Tables, in particular, are very flexible data structures
(look at the success of relational database programs).
- This makes data queries easier to construct.
- This makes data responses have a simple structure,
which makes it easier to serve the data in a wider variety
of standard file types (which often just support simple data structures).
This is the main reason that we set up ERDDAP this way.
- This, in turn, makes it very easy for us (or anyone) to write client software which works with all ERDDAP datasets.
- This makes it easier to compare data from different sources.
- We are very aware that if you are used to working with data in other data structures
you may initially think that this approach is simplistic or insufficient.
But all data structures have tradeoffs. None is perfect.
Even the do-it-all structures have their downsides: working with them is complex and
the files can only be written or read with special software libraries.
If you accept ERDDAP's approach enough to try to work with it, you may find that it has its advantages
(notably the support for multiple file types that can hold the data responses).
The
ERDDAP slide show
(particularly the
data
structures slide)
talk a lot about these issues.
- And even if this approach sounds odd to you, most ERDDAP clients will never notice --
they will simply see that all of the datasets have a nice simple structure
and they will be thankful that they can get data from a wide variety of sources
returned in a wide variety of file formats.
- What if the grid variables in the source dataset DON'T share the same axis variables?
In EDDGrid datasets, all data variables MUST use (share) all of the axis variables.
So if a source dataset has some variables with one set of dimensions,
and other variables with a different set of dimensions,
you will have to make two datasets in ERDDAP.
For example, you might make one ERDDAP dataset entitled "Some Title (at surface)"
to hold variables that just use [time][latitude][longitude] dimensions
and make another ERDDAP dataset entitled "Some Title (at depths)"
to hold the variables that use [time][altitude][latitude][longitude].
Or perhaps you can change the data source to add a dimension
with a single value (for example, altitude=0) to make the variables consistent.
Skeleton XML for each Type of Dataset
EDDGridFromDap handles grid variables from
DAP servers.
EDDGridFromErddap handles gridded data from
a remote ERDDAP server.
EDDTableFromErddap handles tabular data from
a remote ERDDAP server.
- EDDGridFromErddap and EDDTableFromErddap behave differently from all other
types of datasets in ERDDAP.
- Like other types of datasets, these datasets get information about the dataset
from the source and keep it in memory.
- Like other types of datasets, when ERDDAP searches for datasets,
displays the Data Access Form, or displays the Make A Graph form,
ERDDAP uses the information about the dataset which is in memory.
- Unlike other types of datasets, when ERDDAP receives a request for data
or images from these datasets, ERDDAP
redirects
the request to the remote ERDDAP server.

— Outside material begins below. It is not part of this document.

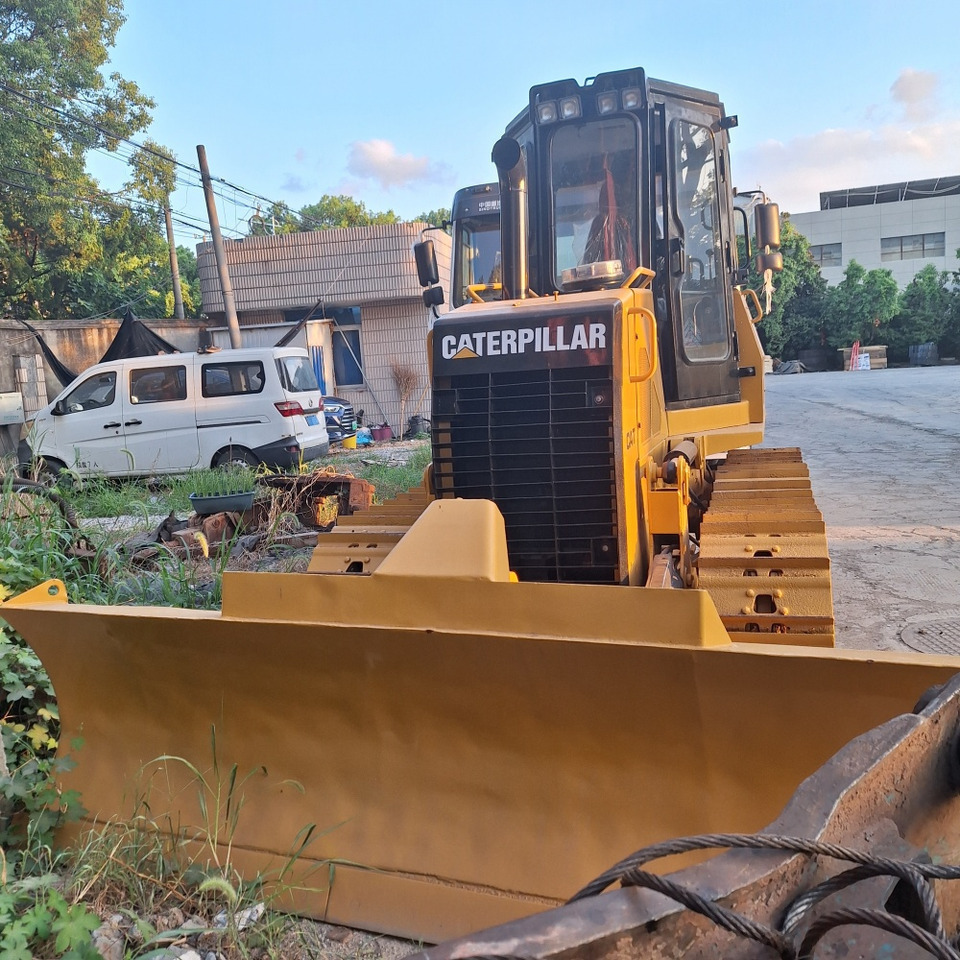 Used caterpillar cat D5k bulldozer - Bulldozer: bilde 2 Used caterpillar cat D5k bulldozer - Bulldozer: bilde 2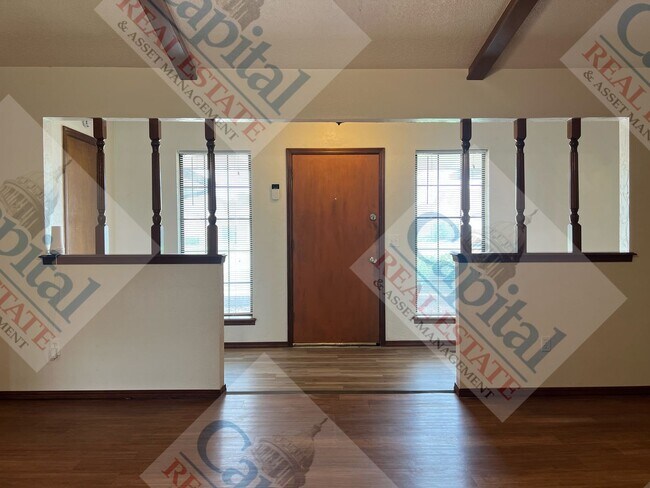 Building Photo - Charming Home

The result is:
- This is very efficient (CPU, memory, and bandwidth), because otherwise
- The composite ERDDAP has to send the request to the other ERDDAP (which takes time).
- The other ERDDAP has to get the data, reformat it, and transmit the data to the composite ERDDAP.
- The composite ERDDAP has to receive the data (using bandwidth), reformat it (using CPU and memory),
and transmit the data to the user (using bandwidth).
By redirecting the request and allowing the other ERDDAP to send the response directly to the user,
the composite ERDDAP spends essentially no CPU time, memory, or bandwidth on the request.
- The redirect is transparent to the user regardless of the client software
(a browser or any other software or command line tool).
- Normally, when an EDDGridFromErddap and EDDTableFromErddap are (re)loaded on your ERDDAP,
they try to add a subscription to the remote dataset via the remote ERDDAP's email/URL subscription system.
That way, whenever the remote dataset changes, the remote ERDDAP contacts the
setDatasetFlag URL
on your ERDDAP so that the local dataset is reloaded ASAP
and so that the local dataset always mimics the remote dataset.
So, the first time this happens, you should get an email requesting that you validate the subscription.
However, if the local ERDDAP can't send an email or if the remote ERDDAP's email/URL subscription system
isn't active, you should email the remote ERDDAP administrator and request that s/he manually add
<onChange>...</onChange>
tags to all of the relevant datasets to call your dataset's
setDatasetFlag URLs.
See your ERDDAP daily report for a list of setDatasetFlag URLs,
but just send the ones for EDDGridFromErddap and EDDTableFromErddap datasets
to the remote ERDDAP administrator.
- EDDGridFromErddap and EDDTableFromErddap are the basis for
clusters and federations
of ERDDAPs, which efficiently distribute the CPU usage (mostly for making maps), memory usage,
dataset storage, and bandwidth usage of a large data center.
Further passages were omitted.